3. Representations of the Buyer. The Buyer hereby
represents and warrants to the Company as follows:
(a) The Company has made
available to the Buyer the opportunity to ask questions of, and receive answers
from, the officers of the Company concerning the Company and its business.
The Buyer acknowledges that he/she has purchased the Shares without being
furnished any prospectus.
(b) The Shares have been
acquired for investment and not with a view to the resale or distribution of
such securities. Such Shares are being acquired by the Buyer for his/her
own account and with his/her own funds, and no other person shall have a direct
or indirect beneficial interest in such securities.

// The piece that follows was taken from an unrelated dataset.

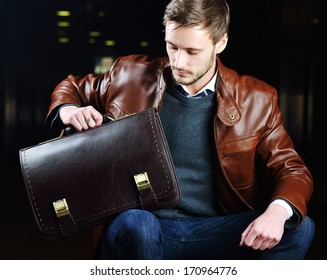 Fashionable Young Man With Leather Clothes On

(c) The Buyer understands that
the Company engages in a highly competitive business and there can be no
assurance that it will be able to operate profitably. This investment is
highly speculative investment and involves a high degree of risk and is not
recommended for any investor who cannot afford the risk of losing his/her entire
investment.
(d) The Buyer understands that
none of the Shares have been registered under the Securities Act of 1933, as
amended (the “Securities Act”), in reliance on an exemption for private
offerings. Because the Company has no obligation to effect such
registration, the Buyer may have to continue to bear the economic risk of their
ownership of such securities for an indefinite period; and Buyer will not be
permitted to transfer any of such securities in the absence of an opinion of
counsel, if requested, satisfactory to the Company that registration is not
required under the Securities Act and under applicable state securities
laws.
4. Governing
Law. This Agreement and its validity, construction and
performance shall be governed in all respects by the laws of the State of
Delaware, without giving effect to principles of conflict of laws.
5. Severability. If any provisions of this Agreement
or the application of any provision hereof to any person or circumstance is held
invalid, the remainder of this Agreement and the application of such provision
to other persons or circumstances shall not be affected unless the provision
held invalid shall substantially impair the benefits of the remaining portions
of this Agreement.
6. Benefit of
Parties, Assignment. This Agreement shall be binding upon and
inure to the benefit of the parties hereto and their respective personal
representatives, heirs, successors and assigns. This Agreement may not be
assigned by any party hereto except with the prior written consent of the other
party hereto.
7. Headings. The headings in the sections of this
Agreement are inserted for convenience of reference only and shall not
constitute a part hereof.
8. Construction. As used in this Agreement, words in
the singular shall be construed as including the plural and vice versa and words
in one gender shall include all genders unless the context shall clearly require
otherwise.
9. Counterparts. This Agreement may be executed in
one or more counterparts, each of which shall be an original, but all of which
together shall constitute one and the same instrument.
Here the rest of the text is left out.